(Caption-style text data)
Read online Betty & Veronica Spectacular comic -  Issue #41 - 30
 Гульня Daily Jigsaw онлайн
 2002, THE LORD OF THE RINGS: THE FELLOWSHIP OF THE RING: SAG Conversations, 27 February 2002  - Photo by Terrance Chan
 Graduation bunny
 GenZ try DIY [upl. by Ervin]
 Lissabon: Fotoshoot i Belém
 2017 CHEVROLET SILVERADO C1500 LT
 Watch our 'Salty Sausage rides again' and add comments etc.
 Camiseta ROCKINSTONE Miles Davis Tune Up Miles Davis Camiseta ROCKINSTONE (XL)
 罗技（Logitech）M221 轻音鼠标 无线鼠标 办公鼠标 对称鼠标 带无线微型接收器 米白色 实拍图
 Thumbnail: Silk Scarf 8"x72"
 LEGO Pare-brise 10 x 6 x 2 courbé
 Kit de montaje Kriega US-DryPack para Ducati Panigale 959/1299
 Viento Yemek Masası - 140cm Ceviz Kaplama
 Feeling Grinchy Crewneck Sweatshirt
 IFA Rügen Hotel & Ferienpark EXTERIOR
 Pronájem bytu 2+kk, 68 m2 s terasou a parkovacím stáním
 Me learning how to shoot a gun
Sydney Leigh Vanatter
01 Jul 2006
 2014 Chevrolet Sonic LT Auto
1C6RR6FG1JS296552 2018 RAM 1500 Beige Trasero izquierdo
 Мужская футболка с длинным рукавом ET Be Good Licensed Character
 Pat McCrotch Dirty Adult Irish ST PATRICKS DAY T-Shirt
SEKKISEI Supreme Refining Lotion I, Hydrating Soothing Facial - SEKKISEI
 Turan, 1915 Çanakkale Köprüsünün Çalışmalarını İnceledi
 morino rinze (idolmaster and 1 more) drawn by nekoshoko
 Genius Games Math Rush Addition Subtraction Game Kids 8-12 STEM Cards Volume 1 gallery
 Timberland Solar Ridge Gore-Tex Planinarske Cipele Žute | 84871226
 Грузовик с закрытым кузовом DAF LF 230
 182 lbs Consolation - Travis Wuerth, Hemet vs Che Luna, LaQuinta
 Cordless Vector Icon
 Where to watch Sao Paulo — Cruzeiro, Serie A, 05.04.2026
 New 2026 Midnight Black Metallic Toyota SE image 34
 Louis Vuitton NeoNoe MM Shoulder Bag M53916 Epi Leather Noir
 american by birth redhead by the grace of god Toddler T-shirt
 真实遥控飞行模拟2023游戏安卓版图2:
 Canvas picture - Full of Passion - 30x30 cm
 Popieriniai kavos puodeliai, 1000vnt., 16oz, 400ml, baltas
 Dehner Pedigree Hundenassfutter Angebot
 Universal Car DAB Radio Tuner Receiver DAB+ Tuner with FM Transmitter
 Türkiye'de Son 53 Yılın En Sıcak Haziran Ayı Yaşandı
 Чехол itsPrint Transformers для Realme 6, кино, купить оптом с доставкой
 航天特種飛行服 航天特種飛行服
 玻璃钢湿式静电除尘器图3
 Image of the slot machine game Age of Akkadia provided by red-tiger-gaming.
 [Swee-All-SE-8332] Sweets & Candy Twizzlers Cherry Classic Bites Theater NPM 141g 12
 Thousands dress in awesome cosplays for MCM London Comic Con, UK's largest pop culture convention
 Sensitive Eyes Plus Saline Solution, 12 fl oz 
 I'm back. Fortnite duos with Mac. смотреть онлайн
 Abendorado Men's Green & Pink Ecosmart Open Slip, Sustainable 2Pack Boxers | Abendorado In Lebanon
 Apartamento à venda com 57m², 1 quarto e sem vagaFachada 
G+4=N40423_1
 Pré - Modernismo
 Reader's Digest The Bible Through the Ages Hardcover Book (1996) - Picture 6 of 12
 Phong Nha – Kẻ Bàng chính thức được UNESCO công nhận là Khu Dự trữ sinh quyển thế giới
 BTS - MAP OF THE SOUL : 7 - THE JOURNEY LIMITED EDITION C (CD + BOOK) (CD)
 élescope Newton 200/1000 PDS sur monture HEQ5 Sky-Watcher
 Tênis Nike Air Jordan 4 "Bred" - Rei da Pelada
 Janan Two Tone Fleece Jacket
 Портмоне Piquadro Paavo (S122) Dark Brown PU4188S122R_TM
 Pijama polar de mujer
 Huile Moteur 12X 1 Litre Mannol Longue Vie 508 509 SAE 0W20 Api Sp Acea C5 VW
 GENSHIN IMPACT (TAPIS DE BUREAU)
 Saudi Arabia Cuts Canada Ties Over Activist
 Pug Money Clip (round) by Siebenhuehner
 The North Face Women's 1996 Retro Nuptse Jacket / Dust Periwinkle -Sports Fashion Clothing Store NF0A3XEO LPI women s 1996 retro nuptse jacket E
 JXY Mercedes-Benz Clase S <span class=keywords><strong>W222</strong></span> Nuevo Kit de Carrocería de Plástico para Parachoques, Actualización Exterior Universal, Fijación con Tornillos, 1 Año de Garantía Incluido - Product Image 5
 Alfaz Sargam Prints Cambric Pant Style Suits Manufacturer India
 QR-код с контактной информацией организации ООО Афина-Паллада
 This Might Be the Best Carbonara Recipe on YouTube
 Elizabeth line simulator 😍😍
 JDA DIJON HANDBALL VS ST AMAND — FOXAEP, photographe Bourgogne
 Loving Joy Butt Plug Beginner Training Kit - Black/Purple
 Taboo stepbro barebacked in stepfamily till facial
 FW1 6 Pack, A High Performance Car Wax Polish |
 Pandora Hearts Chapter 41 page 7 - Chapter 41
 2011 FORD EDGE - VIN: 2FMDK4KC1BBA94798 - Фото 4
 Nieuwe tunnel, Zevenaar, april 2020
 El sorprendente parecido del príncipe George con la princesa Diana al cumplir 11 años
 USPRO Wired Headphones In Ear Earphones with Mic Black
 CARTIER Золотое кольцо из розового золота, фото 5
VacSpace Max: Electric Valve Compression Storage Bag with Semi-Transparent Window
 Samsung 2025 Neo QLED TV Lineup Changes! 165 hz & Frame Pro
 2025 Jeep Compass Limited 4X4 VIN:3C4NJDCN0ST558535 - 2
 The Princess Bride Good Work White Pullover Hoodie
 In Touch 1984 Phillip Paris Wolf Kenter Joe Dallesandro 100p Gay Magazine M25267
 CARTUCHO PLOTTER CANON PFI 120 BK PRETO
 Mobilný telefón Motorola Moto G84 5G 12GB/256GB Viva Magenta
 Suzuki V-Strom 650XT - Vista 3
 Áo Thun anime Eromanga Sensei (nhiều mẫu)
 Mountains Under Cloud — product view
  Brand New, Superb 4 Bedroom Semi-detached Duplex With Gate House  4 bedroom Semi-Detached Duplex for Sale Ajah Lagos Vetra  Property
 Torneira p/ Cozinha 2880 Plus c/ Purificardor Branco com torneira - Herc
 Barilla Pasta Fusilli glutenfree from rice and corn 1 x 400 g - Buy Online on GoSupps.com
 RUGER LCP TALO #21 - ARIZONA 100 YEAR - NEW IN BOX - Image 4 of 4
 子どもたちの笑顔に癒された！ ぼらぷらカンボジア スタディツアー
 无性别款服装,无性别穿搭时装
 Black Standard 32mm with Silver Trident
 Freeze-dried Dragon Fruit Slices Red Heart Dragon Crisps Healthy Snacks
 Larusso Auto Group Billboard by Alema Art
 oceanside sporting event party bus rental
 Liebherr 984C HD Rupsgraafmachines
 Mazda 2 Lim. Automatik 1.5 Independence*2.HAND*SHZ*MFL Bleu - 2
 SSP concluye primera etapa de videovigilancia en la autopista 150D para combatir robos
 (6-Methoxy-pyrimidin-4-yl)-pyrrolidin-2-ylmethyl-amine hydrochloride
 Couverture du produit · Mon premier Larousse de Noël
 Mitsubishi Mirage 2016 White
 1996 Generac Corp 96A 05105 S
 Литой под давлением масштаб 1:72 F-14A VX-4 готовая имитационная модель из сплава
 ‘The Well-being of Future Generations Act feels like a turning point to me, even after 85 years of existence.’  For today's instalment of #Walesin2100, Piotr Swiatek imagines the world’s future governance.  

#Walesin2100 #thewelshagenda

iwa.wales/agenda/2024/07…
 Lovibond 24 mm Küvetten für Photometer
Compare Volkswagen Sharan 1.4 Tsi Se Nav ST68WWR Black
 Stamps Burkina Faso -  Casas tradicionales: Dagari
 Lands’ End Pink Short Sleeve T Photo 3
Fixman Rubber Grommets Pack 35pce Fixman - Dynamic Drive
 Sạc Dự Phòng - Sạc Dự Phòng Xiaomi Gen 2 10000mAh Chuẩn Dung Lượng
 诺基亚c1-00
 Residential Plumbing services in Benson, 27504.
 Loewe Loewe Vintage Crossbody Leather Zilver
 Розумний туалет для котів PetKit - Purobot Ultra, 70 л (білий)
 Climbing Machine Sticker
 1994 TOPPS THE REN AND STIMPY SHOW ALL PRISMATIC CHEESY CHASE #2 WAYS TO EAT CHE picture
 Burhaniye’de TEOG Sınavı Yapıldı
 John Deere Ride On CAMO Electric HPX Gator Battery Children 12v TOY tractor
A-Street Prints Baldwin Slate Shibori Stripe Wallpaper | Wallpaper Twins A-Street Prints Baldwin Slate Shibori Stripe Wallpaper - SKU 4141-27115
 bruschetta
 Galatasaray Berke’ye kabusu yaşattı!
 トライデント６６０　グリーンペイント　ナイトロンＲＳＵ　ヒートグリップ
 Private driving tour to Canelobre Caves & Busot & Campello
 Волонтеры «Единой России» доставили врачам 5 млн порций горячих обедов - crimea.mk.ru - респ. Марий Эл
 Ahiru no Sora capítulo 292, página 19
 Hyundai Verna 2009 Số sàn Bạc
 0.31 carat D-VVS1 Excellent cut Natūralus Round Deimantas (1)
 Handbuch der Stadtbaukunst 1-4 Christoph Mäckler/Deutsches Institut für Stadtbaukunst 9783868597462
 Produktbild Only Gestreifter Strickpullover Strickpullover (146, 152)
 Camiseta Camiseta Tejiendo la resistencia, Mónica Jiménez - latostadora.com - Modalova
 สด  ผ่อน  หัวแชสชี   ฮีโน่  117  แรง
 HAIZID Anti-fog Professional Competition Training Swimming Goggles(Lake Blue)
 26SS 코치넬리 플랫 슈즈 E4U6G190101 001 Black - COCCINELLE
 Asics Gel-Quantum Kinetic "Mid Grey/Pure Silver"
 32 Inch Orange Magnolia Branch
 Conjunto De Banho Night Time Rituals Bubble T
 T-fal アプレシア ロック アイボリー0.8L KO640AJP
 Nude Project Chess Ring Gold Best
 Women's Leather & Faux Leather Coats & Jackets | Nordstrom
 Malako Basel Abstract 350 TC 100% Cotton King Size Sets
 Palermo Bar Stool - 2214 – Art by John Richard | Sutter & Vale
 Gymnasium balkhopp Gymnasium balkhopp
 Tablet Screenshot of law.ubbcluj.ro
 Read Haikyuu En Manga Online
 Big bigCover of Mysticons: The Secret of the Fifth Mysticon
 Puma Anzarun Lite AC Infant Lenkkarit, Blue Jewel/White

Aim of the task -
For the lines above, output exactly those from the line containing "Suzuki V-Strom 650XT - Vista 3" through the line containing "Torneira p/ Cozinha", and skip the others.

Result of this task -
 Suzuki V-Strom 650XT - Vista 3
 Áo Thun anime Eromanga Sensei (nhiều mẫu)
 Mountains Under Cloud — product view
  Brand New, Superb 4 Bedroom Semi-detached Duplex With Gate House  4 bedroom Semi-Detached Duplex for Sale Ajah Lagos Vetra  Property
 Torneira p/ Cozinha 2880 Plus c/ Purificardor Branco com torneira - Herc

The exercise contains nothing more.